A Starfleet Science Officer’s Report on Stellaris, ST: New Horizons, and GPU VRAM Utilization
Author: Lt. Cmdr. [Redacted], Science Division, USS [Redacted]
1. Mission Overview
Stardate: Irrelevant to Starfleet Command, highly relevant to modders.
The objective of this analysis is to determine why the simulation environment known as Stellaris – particularly when augmented with the Star Trek: New Horizons (ST:NH) holosuite package – exhibits significantly elevated VRAM utilization on modern graphical processing units.
Two primary hypotheses were evaluated:
- Defective Asset Hypothesis
One or more newly exported 3D models (meshes) are malformed or inefficient, causing disproportionate VRAM usage. - Systemic Engine Hypothesis
The underlying Clausewitz/Jomini simulation engine aggressively allocates and retains mesh data in GPU memory by design, such that total VRAM usage scales primarily with the aggregate volume of mesh data, irrespective of individual asset age.
This report consolidates multiple measurement series, compares vanilla Stellaris with ST:NH, and derives a quantitative relationship between mesh file size and VRAM utilization.
The conclusion, summarized in Starfleet terms:
The simulation behaves as an engine-level resource management phenomenon, not a single-bad-part anomaly. VRAM usage scales almost linearly with total mesh data mass.
2. Experimental Setup
All measurements were conducted on a standard Federation workstation equipped with a modern GPU and sufficient system memory. While the precise hardware designation is non-critical to the theoretical result, the following protocol was maintained consistently:
- Baseline VRAM
Measure VRAM usage with no simulation running. - Engine-Only VRAM
Launch Stellaris in a configuration minimizing or excluding mesh assets, capturing VRAM usage for engine, UI, textures, shaders, and general overhead. - Vanilla Asset VRAM
Enable all vanilla mesh assets and record the resulting VRAM usage. - ST:NH Mesh Analysis
Activate ST:NH and enable or disable mesh groups in controlled size categories (by file size and count). After each change, measure:- total mesh data volume (MB on disk),
- corresponding change in VRAM usage (MB on GPU).

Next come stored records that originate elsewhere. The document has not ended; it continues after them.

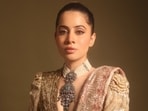 Uorfi Javed called out a content creator for claiming she wears 'adhe nange' clothes. 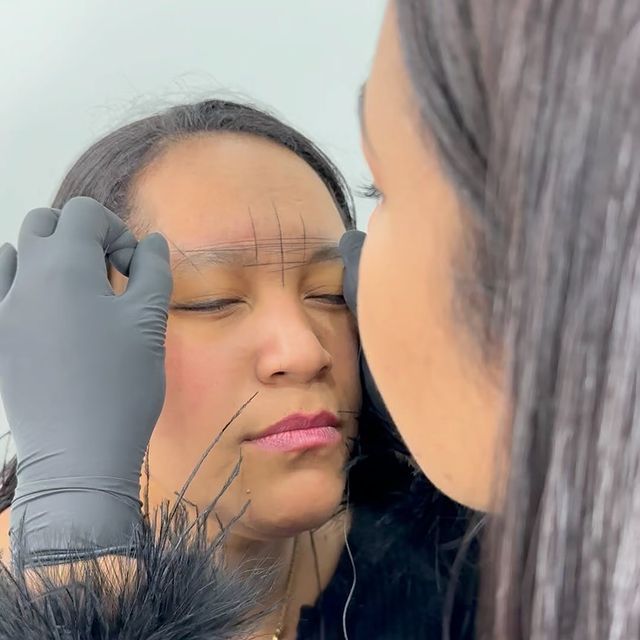 A woman is measuring her eyebrows in front of a mirror.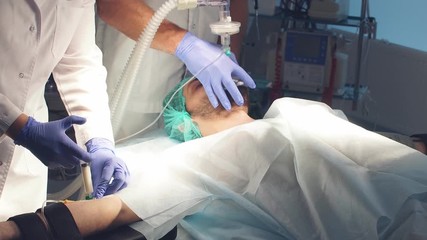 Male assistants prepares a patient to invasive surgery in the Hospital operating.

This approach is functionally equivalent to instrumenting a holodeck program: we do not ask the computer what it believes it is doing; we observe what it actually consumes.
3. Vanilla Stellaris as Control Sample
To understand the engine’s intrinsic behavior, we first analyze unmodified (vanilla) Stellaris.
Observed values:
- VRAM, system only (no game): 1.8 GB
- VRAM, Stellaris loaded, minimal/without meshes: 4.0 GB
- VRAM, Stellaris with all vanilla meshes active: 6.3 GB
- Vanilla mesh payload: 800 MB across ~2200 mesh files
3.1 Engine Overhead Without Meshes
The first step is to isolate the engine’s own VRAM overhead (UI, shaders, textures, and non-mesh buffers):
Engine Overhead (no meshes) = 4.0 GB − 1.8 GB = 2.2 GB
This 2.2 GB is effectively the “always-on” mass of the simulation before any ship, station, or structure meshes are committed to GPU space.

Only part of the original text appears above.